Partagée des centaines de milliers de fois sur les réseaux sociaux, la vidéo a créé l’effroi parmi les internautes marocains qui ont demandé l’ouverture immédiate d’une enquête.

Traduction: “Quand la loi de la jungle remplace les lois et les décisions d’un État, voilà ce qu’il arrive. Notre État se doit de se positionner face à ces dérives”.

Traduction: “Cette horrible agression ne vous fait-elle pas penser aux actions de Daech ?!”

Des scènes devenues récurrentes à chaque ramadan

Cette scène n’est pas sans rappeler d’autres agressions ayant eu lieu en période de ramadan. Ces dernières années, les épisodes de justice populaire se sont multipliés dans le royaume.

À Fès, dans la soirée du 29 juin 2015, la vidéo d’une foule déchaînée agressant un homosexuel avait aussi provoqué beaucoup de réactions. On y voyait un jeune homme qui tentait de s’enfuir en prenant un taxi, mais le véhicule était vite encerclé par cette foule en colère.

Vidéo de l'agression de Fès, le 19 juin 2015.

Un an plus tard, à Rabat, un jeune diabétique a été tabassé pour avoir consommé de l’eau en public pendant le ramadan. En 2017, une jeune Tangéroise a été poursuivie dans la rue par une foule d’hommes jugeant sa tenue “trop serrée”.

Vidéo de l'agression de la jeune fille à Tanger, le 31 juillet 2017.

Betty Lachgar, porte-parole du Mouvement Alternatif pour les Libertés Individuelles (MALI) qui milite pour les droits des minorités et pour le respect des libertés individuelles au Maroc, déplore la multiplication de ces actes de violence.

 

“Il faut changer les lois pour faire évoluer les mentalités."

Dans le cas des précédentes agressions, il s’agissait de mouvements spontanés venant de passants à visages découverts, qui décidaient, sur le moment, de s’en prendre à d’autres personnes. Avec cette vidéo, nous assistons à une scène de lynchage avec des assaillants armés de battes, cagoulés. Par ailleurs, c’est un membre du groupe qui filme toute la scène. Ils semblent donc ressentir une certaine fierté à jouer le rôle de brigade des mœurs. En diffusant leur vidéo sur les réseaux sociaux, ils font en fait de l’autopromotion”.
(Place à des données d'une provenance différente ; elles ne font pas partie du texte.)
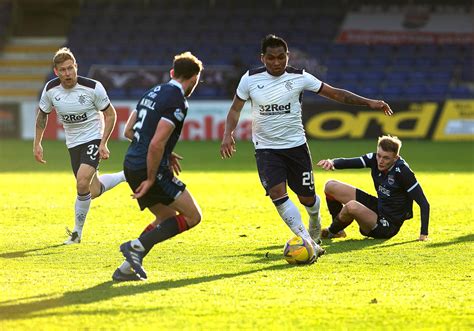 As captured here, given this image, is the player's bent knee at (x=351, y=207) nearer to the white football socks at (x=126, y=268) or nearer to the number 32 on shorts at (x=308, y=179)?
the number 32 on shorts at (x=308, y=179)

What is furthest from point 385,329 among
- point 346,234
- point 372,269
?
point 346,234

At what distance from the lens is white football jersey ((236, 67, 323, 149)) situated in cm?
984

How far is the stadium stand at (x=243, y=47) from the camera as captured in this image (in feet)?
113

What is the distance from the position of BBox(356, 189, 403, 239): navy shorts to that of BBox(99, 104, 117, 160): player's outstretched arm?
9.66 ft

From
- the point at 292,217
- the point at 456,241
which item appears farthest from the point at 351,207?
the point at 292,217

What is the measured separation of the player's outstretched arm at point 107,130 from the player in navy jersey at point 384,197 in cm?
248

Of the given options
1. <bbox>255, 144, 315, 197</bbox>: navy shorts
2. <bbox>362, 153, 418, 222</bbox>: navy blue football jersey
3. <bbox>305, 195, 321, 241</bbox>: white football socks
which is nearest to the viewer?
<bbox>255, 144, 315, 197</bbox>: navy shorts

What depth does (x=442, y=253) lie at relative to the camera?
10125 millimetres

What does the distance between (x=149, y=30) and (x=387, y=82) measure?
10489 mm

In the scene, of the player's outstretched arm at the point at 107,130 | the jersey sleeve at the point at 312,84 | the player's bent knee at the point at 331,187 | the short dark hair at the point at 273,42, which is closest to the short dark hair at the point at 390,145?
the player's bent knee at the point at 331,187

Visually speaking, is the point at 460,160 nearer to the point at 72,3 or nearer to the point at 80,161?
the point at 80,161

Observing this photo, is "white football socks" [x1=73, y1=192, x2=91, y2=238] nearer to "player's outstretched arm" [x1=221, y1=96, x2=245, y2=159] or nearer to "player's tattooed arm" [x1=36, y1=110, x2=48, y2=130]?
"player's tattooed arm" [x1=36, y1=110, x2=48, y2=130]

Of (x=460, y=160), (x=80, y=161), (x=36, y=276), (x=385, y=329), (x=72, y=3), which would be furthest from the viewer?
(x=72, y=3)

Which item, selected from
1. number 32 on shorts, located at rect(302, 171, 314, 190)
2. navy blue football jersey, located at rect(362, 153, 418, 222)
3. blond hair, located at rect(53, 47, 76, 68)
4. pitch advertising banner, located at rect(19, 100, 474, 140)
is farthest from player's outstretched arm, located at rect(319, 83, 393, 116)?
A: pitch advertising banner, located at rect(19, 100, 474, 140) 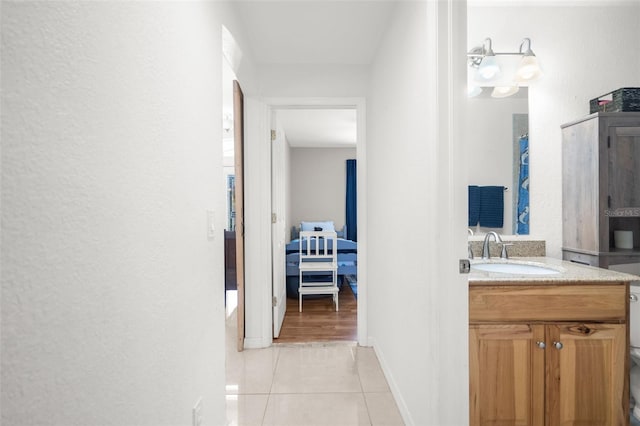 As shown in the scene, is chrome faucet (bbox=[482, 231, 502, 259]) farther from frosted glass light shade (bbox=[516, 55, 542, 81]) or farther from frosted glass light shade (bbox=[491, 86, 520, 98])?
frosted glass light shade (bbox=[516, 55, 542, 81])

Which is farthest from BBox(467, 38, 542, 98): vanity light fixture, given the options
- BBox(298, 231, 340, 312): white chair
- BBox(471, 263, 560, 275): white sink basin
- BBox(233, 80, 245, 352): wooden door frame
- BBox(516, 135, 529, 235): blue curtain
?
BBox(298, 231, 340, 312): white chair

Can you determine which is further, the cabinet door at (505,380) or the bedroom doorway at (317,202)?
the bedroom doorway at (317,202)

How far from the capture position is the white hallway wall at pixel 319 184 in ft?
21.9

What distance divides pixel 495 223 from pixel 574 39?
1.31 meters

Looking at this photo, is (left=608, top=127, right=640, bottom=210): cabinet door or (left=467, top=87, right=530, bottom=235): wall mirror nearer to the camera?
(left=608, top=127, right=640, bottom=210): cabinet door

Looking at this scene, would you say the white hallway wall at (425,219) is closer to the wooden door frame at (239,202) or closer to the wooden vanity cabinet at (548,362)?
the wooden vanity cabinet at (548,362)

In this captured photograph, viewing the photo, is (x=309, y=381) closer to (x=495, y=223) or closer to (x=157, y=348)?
(x=157, y=348)

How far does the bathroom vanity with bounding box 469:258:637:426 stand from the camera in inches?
55.9

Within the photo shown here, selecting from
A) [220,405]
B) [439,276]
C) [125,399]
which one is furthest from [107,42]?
[220,405]

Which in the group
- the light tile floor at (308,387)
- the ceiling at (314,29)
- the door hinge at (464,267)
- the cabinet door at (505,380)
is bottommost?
the light tile floor at (308,387)

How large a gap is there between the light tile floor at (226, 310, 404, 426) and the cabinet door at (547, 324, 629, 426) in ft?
2.54

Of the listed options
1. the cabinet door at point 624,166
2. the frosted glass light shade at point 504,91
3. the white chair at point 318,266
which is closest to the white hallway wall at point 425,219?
the frosted glass light shade at point 504,91

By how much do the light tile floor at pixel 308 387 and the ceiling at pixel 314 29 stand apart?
7.81ft

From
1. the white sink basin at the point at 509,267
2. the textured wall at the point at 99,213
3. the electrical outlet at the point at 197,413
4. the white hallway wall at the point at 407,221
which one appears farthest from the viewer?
the white sink basin at the point at 509,267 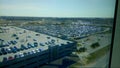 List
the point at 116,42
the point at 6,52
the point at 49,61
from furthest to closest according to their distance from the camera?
the point at 116,42 < the point at 49,61 < the point at 6,52

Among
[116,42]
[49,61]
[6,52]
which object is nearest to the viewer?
[6,52]

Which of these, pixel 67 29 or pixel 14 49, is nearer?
pixel 14 49

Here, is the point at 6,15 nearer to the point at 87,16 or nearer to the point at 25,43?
the point at 25,43

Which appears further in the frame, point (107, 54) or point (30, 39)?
point (107, 54)

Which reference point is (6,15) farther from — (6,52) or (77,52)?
(77,52)

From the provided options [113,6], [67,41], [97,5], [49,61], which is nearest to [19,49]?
[49,61]

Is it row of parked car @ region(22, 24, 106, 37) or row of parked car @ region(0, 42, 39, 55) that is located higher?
row of parked car @ region(22, 24, 106, 37)

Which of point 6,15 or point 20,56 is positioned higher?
point 6,15

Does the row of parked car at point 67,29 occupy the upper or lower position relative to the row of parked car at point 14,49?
upper

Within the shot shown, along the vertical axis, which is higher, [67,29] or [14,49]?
[67,29]

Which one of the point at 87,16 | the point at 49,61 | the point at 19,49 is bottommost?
the point at 49,61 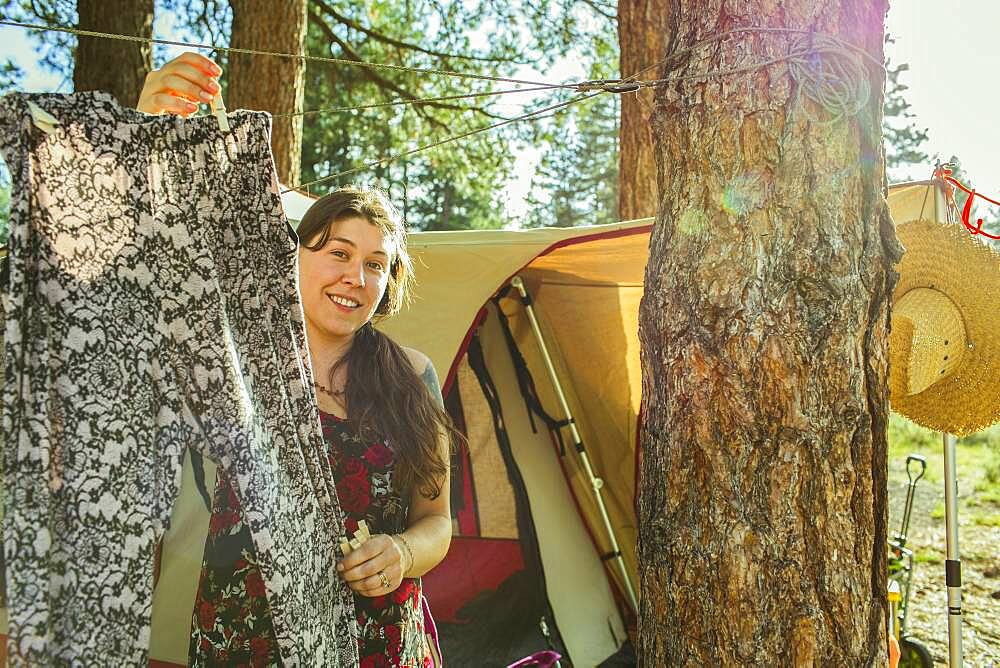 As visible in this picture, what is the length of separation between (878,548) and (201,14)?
256 inches

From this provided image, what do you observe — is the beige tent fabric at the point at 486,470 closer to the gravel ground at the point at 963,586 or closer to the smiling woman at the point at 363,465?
the smiling woman at the point at 363,465

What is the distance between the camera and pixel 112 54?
482cm

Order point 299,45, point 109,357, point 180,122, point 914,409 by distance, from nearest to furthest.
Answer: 1. point 109,357
2. point 180,122
3. point 914,409
4. point 299,45

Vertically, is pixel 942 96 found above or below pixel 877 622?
above

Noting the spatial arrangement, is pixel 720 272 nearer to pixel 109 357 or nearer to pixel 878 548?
pixel 878 548

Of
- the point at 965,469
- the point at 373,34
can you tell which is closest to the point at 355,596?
the point at 373,34

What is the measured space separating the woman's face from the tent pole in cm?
128

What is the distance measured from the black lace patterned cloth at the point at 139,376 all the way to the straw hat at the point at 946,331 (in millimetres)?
1874

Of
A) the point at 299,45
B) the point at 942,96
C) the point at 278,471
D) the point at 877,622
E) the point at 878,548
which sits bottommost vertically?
the point at 877,622

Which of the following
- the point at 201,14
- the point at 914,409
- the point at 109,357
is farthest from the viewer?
the point at 201,14

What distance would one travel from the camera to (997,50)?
23.5 feet

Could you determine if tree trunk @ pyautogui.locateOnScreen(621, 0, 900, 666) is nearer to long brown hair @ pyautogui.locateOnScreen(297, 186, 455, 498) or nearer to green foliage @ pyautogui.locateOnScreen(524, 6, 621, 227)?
long brown hair @ pyautogui.locateOnScreen(297, 186, 455, 498)

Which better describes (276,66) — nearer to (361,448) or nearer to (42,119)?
(361,448)

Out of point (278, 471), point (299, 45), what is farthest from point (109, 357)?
point (299, 45) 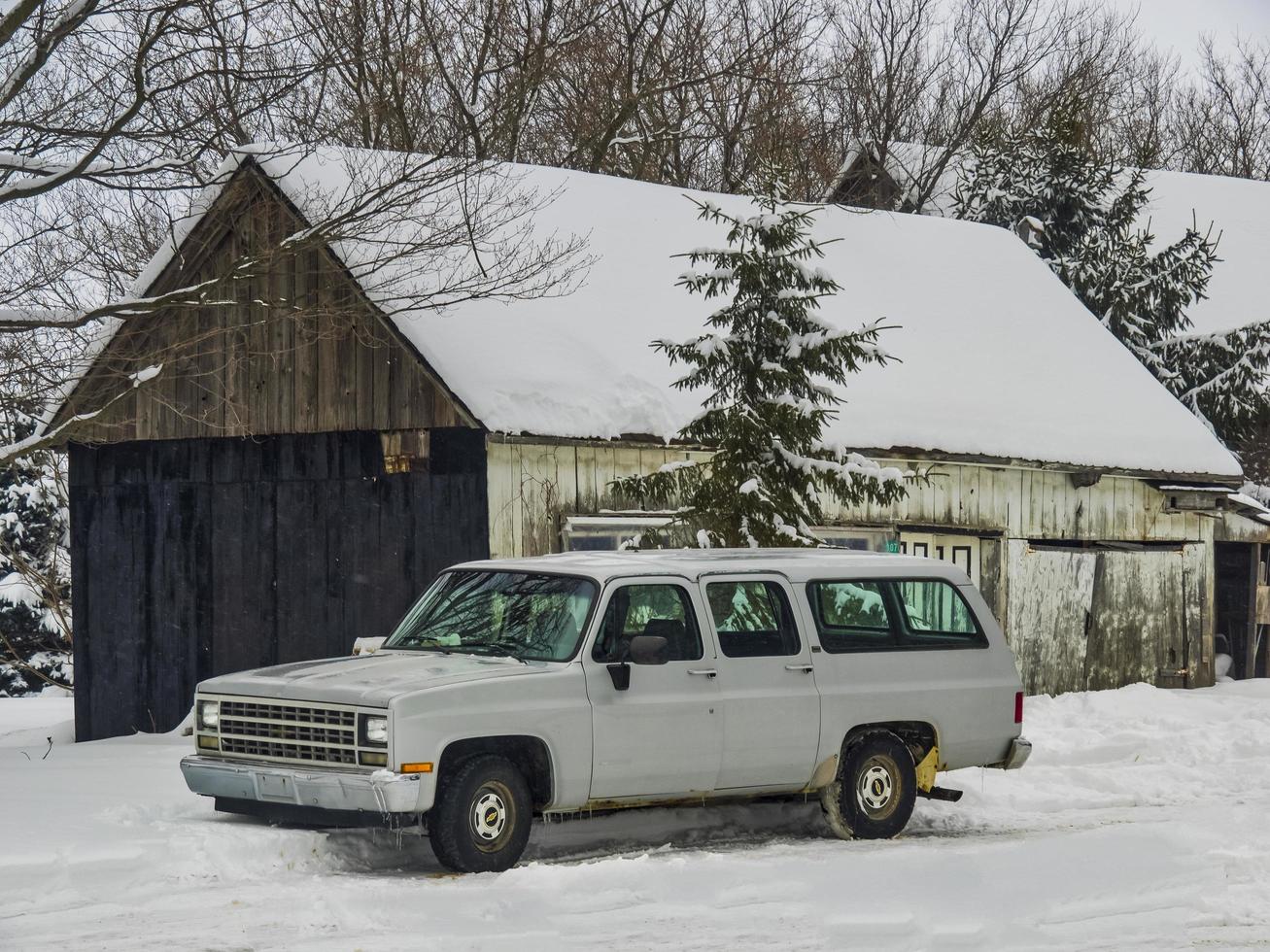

Pour la militante, l’ampleur de ce nouvel épisode est notamment liée à l’existence de deux articles issus du code pénal marocain. L’article 222, qui expose les musulmans qui n’observent pas le jeûne à une peine allant d’un à six mois de prison. Et le numéro 490 interdisant toute relation sexuelle avant le mariage.

 

Dans le cas de cette vidéo, c’est la double-peine pour les deux personnes agressées. Les assaillants accusent les victimes à la fois de ne pas respecter le jeûne et d’avoir eu des relations sexuelles hors mariage. C’est très dangereux que des groupes usent de la loi pour faire leur propre justice. Cela signifie que tant que ces lois liberticides existeront, ces pratiques survivront. Pour espérer un changement des mentalités, il faut abroger ces lois.”